- _Exercise goal_
Omit the images, then print each record below exactly as it reads.

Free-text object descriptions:
**********
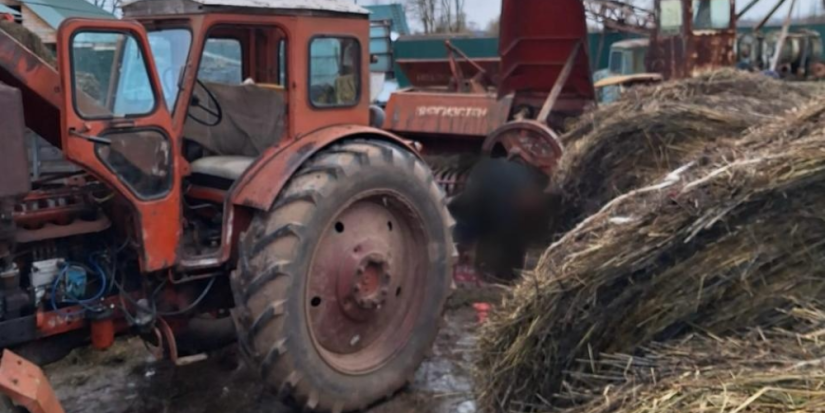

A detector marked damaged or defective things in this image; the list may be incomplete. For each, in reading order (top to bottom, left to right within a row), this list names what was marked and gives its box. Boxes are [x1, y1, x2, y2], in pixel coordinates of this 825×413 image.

rusty metal surface [0, 82, 30, 198]
rusty metal surface [0, 27, 62, 146]
rusty metal surface [382, 91, 512, 138]
rusty metal surface [496, 0, 592, 104]
rusty metal surface [308, 192, 428, 372]
rusty metal surface [0, 350, 64, 412]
**********
- _Response_
A detector marked damaged or defective things in this image; the list may be incomplete. For each, in reading order (top to bottom, left to right within a row), this list names what was marked and gives its box. Boxes are [x1, y1, x2, y2], in pixel coordinates of this 825×413 image.

rusty metal surface [0, 82, 30, 198]
rusty metal surface [0, 27, 62, 146]
rusty metal surface [382, 91, 512, 138]
rusty metal surface [496, 0, 592, 104]
rusty metal surface [308, 192, 428, 372]
rusty metal surface [0, 350, 64, 412]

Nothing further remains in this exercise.